» **EXTRACTED MATERIAL**
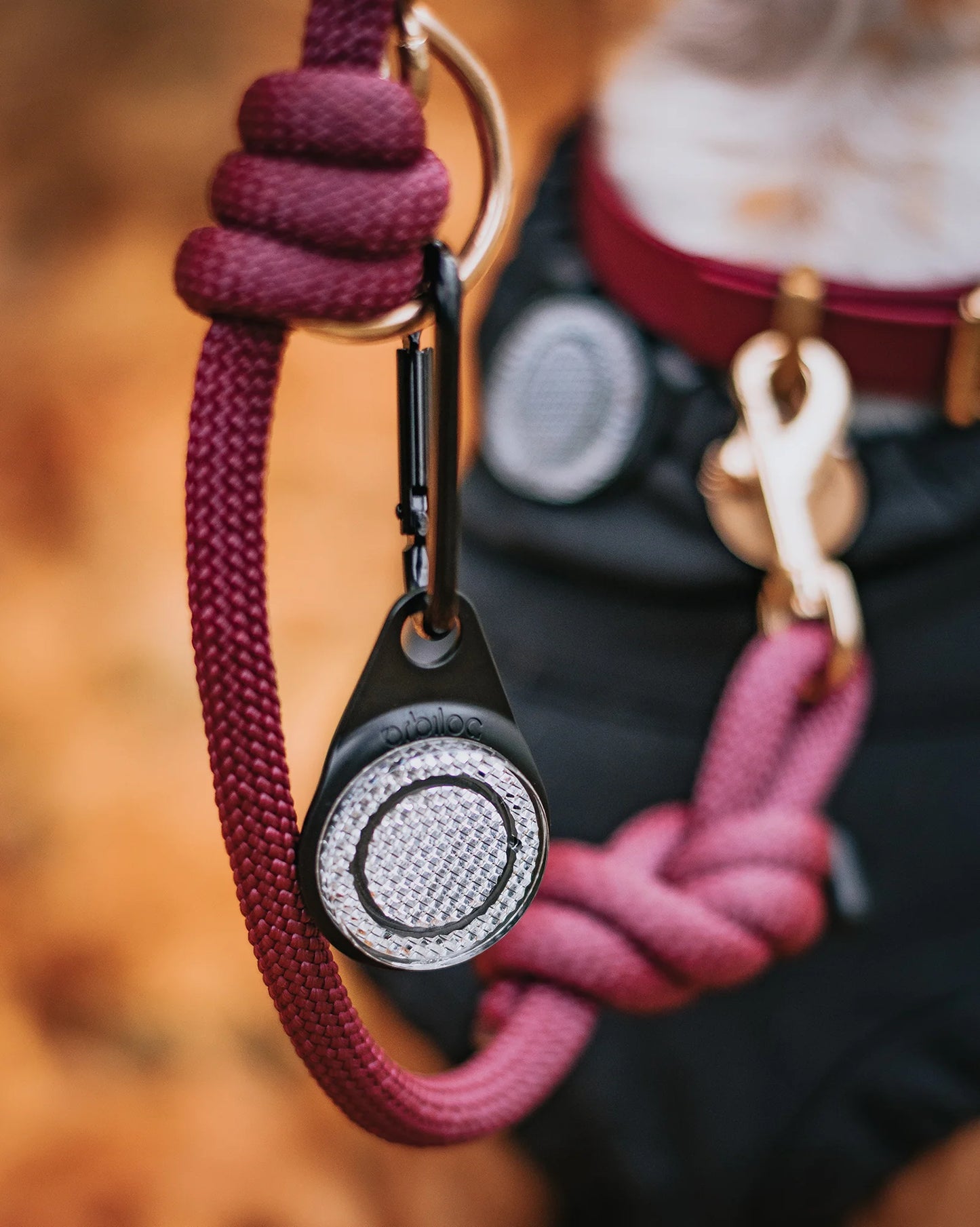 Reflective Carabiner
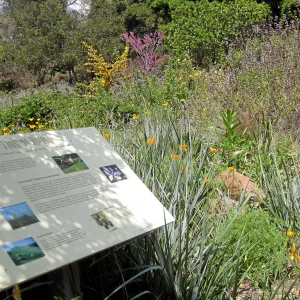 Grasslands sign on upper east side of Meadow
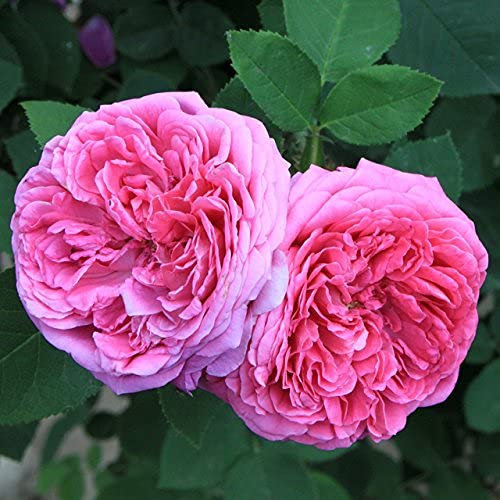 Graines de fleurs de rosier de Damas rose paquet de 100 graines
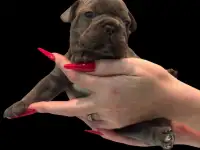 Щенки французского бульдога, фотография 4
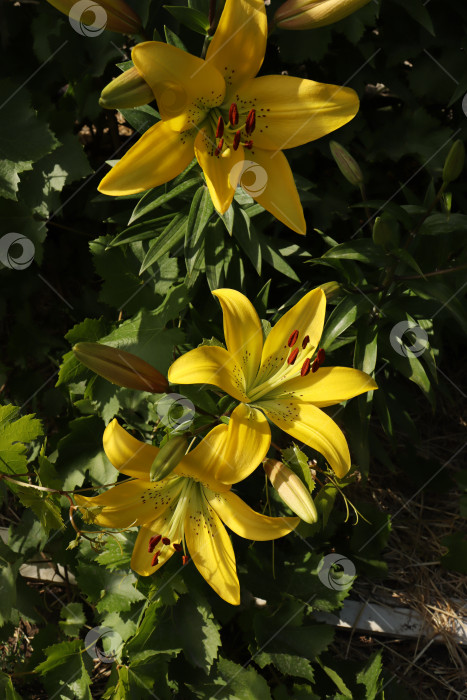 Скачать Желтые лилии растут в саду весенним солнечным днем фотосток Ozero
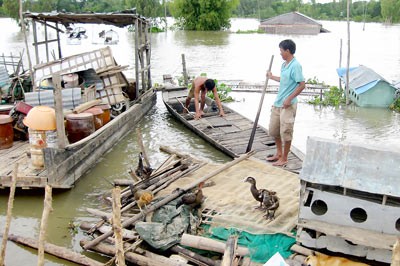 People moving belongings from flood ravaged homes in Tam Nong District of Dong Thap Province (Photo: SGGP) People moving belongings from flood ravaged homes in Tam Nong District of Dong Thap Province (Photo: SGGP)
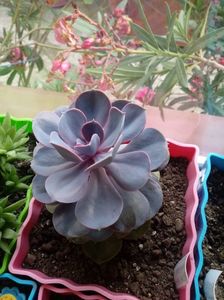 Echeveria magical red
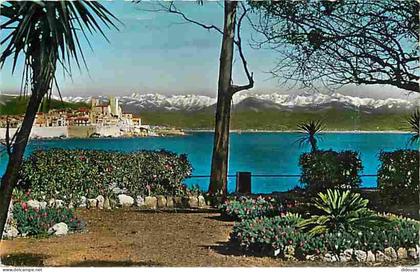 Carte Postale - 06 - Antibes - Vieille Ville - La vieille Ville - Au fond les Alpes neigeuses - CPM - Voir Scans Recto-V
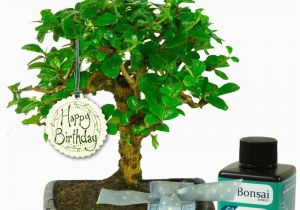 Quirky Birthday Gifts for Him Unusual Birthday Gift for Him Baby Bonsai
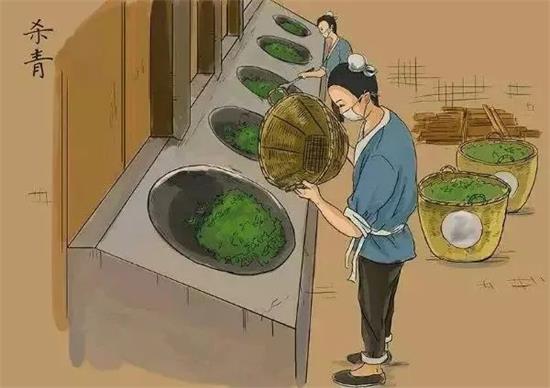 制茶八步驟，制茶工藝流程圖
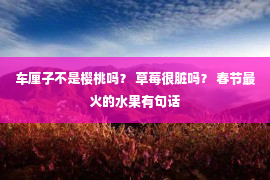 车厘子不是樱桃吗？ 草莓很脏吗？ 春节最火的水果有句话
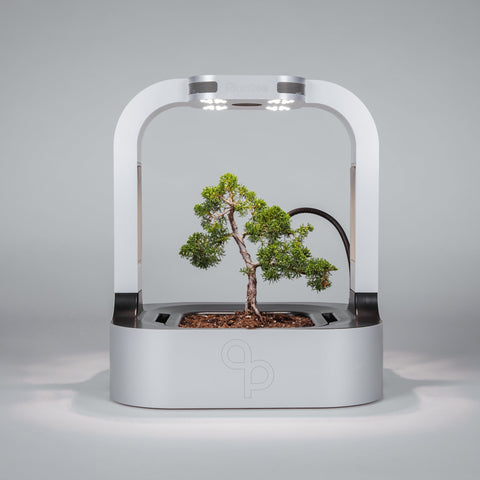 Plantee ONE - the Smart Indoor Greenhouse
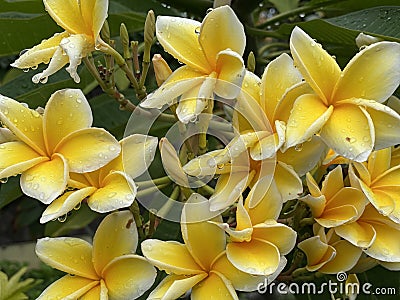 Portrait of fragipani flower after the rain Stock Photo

» **WORK REQUEST**
Leaving pictures out, output the lines of the data above from the one with "Echeveria magical red" through the one with "车厘子不是樱桃吗？ 草莓很脏吗？ 春节最火的水果有句话", word for word.

» **RESPONSE BELOW**
 Echeveria magical red
 Carte Postale - 06 - Antibes - Vieille Ville - La vieille Ville - Au fond les Alpes neigeuses - CPM - Voir Scans Recto-V
 Quirky Birthday Gifts for Him Unusual Birthday Gift for Him Baby Bonsai
 制茶八步驟，制茶工藝流程圖
 车厘子不是樱桃吗？ 草莓很脏吗？ 春节最火的水果有句话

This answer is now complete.